But alongside the black magic and disturbing disappearances, these stories are fueled by compassion for the frightened and the lost, ultimately bringing these characters—mothers and daughters, husbands and wives—into a surprisingly familiar reality. Written in hypnotic prose that gives grace to the grotesque, Things We Lost in the Fire is a powerful exploration of what happens when our darkest desires are left to roam unchecked, and signals the arrival of an astonishing and necessary voice in contemporary fiction.
Afterlife by Julia Alvarez
Since I loved In the Time of the Butterflies, I immediately added this to my TBR.

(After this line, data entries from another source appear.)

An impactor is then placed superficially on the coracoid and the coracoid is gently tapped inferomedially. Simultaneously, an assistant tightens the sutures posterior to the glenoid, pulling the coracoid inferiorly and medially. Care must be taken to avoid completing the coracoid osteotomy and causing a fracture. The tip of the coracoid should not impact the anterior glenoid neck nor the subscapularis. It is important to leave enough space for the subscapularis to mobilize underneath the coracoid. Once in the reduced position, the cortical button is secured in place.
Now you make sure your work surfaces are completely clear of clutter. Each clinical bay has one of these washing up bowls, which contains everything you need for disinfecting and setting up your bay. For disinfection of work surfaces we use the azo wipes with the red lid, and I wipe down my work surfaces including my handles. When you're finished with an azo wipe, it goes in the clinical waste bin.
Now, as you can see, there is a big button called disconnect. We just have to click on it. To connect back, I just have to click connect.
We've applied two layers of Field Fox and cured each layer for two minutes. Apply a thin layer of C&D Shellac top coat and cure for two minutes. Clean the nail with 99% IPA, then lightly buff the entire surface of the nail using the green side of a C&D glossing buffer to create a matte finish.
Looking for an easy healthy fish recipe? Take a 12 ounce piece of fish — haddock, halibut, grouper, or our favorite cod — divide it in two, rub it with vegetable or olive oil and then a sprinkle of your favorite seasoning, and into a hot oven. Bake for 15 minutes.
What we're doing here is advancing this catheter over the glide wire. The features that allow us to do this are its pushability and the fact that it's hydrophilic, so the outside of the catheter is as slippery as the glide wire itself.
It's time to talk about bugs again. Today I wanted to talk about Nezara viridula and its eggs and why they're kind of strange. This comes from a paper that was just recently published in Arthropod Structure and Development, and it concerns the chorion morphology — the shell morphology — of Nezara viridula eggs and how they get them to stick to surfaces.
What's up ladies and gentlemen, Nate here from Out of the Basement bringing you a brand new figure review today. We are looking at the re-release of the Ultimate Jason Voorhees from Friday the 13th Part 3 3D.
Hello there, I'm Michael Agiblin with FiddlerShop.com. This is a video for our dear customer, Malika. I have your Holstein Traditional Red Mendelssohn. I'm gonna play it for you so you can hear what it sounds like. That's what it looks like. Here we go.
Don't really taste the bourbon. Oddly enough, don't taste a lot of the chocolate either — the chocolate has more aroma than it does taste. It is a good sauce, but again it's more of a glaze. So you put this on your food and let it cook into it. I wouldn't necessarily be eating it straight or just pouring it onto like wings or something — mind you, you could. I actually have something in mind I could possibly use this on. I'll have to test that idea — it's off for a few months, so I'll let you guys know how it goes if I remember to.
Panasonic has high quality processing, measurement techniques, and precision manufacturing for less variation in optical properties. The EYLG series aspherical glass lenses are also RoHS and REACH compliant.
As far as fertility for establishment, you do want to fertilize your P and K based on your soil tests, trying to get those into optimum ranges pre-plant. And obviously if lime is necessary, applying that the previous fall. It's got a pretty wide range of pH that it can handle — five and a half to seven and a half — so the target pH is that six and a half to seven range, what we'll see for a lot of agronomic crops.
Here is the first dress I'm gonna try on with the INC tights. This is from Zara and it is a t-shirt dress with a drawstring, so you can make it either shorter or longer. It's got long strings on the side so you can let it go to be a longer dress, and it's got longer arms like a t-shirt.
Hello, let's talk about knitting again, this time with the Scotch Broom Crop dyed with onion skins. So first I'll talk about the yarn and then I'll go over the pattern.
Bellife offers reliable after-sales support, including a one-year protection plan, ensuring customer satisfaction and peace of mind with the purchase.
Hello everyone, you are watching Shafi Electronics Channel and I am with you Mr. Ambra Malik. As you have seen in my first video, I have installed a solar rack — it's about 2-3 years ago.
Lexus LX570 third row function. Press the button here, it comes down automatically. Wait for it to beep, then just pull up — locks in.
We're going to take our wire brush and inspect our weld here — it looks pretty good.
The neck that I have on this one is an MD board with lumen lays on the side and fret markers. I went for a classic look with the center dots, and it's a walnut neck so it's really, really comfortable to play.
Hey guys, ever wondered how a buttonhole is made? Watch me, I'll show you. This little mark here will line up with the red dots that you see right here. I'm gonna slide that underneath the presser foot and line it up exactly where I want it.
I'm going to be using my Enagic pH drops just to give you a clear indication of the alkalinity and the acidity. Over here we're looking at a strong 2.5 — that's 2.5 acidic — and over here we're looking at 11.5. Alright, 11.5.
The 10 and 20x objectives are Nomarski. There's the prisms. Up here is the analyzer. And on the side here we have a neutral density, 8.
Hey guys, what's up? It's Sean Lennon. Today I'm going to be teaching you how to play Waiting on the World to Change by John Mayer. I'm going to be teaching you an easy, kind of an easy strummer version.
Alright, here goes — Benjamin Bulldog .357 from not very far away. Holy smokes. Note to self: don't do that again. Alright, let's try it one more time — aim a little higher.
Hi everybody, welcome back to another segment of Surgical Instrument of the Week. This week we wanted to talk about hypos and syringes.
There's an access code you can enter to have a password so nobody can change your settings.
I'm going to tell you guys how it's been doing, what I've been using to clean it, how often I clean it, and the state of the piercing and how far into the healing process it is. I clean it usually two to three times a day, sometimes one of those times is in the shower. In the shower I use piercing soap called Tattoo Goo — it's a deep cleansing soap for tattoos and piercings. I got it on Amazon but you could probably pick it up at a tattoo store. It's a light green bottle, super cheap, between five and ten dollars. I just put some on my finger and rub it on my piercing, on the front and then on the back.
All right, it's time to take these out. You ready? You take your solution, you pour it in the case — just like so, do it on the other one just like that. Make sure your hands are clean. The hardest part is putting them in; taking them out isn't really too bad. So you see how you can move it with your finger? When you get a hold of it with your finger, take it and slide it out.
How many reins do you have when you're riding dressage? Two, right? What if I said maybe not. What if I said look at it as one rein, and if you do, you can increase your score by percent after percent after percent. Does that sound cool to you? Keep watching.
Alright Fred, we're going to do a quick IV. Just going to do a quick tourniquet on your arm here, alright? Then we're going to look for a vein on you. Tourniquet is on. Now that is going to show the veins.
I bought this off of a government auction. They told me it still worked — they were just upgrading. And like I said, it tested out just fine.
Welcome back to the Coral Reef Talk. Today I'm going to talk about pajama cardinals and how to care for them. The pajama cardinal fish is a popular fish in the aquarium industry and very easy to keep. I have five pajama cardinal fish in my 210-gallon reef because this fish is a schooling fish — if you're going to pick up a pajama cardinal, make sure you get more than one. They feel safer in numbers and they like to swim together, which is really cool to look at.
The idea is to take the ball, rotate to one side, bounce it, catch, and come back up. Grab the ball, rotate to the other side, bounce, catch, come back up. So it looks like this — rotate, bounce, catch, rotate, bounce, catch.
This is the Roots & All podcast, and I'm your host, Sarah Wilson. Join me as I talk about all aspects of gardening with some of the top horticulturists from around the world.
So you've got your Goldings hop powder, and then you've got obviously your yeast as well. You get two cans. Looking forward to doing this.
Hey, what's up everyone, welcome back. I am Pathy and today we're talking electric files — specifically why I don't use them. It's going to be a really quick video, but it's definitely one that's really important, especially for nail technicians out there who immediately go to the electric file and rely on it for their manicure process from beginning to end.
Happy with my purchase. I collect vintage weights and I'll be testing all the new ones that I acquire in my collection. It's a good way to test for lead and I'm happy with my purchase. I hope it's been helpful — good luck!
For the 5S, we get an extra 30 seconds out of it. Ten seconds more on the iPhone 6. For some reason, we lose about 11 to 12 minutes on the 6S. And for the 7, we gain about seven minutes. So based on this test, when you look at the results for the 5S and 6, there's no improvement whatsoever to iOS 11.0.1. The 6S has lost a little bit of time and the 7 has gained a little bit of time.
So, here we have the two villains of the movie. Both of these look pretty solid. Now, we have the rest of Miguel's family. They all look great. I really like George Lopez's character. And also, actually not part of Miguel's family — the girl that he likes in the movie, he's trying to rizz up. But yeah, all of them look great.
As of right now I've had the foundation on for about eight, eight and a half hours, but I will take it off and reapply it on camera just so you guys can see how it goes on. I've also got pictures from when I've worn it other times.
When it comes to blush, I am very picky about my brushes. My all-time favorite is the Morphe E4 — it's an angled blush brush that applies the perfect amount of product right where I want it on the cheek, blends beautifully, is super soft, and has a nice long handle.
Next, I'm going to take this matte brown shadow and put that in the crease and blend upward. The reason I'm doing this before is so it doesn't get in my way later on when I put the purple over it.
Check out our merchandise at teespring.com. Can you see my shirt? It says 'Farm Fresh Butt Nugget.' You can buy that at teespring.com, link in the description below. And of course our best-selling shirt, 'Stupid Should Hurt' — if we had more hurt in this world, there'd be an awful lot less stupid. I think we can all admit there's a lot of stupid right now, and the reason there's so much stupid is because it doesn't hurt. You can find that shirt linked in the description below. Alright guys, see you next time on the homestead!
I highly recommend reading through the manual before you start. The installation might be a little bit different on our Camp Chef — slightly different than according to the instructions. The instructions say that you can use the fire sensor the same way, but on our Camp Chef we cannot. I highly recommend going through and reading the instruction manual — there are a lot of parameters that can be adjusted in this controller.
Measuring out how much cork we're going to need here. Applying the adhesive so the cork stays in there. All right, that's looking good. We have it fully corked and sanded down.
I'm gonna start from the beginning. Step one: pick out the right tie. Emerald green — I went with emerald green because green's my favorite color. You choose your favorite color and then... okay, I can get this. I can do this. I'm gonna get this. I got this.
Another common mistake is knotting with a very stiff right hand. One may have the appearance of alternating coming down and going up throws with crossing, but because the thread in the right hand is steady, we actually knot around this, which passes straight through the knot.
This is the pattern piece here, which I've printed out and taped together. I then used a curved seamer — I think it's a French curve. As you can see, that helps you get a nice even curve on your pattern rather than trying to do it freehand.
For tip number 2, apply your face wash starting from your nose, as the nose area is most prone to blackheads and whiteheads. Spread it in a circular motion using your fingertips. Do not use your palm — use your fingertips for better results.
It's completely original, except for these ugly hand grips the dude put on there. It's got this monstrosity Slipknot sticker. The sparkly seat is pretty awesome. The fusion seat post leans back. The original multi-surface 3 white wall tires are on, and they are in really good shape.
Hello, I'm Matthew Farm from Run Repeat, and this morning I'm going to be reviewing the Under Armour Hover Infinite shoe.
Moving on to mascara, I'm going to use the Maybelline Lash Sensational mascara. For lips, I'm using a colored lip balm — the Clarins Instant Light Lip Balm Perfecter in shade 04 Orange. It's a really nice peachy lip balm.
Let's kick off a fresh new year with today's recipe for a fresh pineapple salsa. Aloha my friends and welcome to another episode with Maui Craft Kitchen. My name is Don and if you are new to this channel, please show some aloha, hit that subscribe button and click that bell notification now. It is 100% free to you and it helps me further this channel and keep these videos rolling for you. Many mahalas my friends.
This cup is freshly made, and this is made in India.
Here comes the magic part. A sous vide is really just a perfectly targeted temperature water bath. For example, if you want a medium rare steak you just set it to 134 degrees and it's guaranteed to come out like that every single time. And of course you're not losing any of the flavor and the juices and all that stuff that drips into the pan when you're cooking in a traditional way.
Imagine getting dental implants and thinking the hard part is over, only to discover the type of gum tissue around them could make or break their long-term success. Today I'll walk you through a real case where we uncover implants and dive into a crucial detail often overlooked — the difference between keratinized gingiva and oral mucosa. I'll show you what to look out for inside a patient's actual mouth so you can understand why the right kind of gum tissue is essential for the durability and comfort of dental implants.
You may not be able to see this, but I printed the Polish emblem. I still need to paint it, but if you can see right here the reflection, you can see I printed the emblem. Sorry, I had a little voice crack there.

Antonia Vega, the immigrant writer at the center of Afterlife, has had the rug pulled out from under her. She has just retired from the college where she taught English when her beloved husband, Sam, suddenly dies. And then more jolts: her bighearted but unstable sister disappears, and Antonia returns home one evening to find a pregnant, undocumented teenager on her doorstep. Antonia has always sought direction in the literature she loves—lines from her favorite authors play in her head like a soundtrack—but now she finds that the world demands more of her than words.
Afterlife is a compact, nimble, and sharply droll novel. Set in this political moment of tribalism and distrust, it asks: What do we owe those in crisis in our families, including—maybe especially—members of our human family? How do we live in a broken world without losing faith in one another or ourselves? And how do we stay true to those glorious souls we have lost?
Como agua para chocolate / Like Water for Chocolate by Laura Esquivel
This is a bit of a challenge read that Michelle recommended because at surface level it doesn’t look like my style, but I think I could really love this book!
This classic love story takes place on the De la Garza ranch, as the tyrannical owner, Mama Elena, chops onions at the kitchen table in her final days of pregnancy. While still in her mother’s womb, her daughter to be weeps so violently she causes an early labor, and little Tita slips out amid the spices and fixings for noodle soup. This early encounter with food soon becomes a way of life, and Tita grows up to be a master chef, using cooking to express herself and sharing recipes with readers along the way.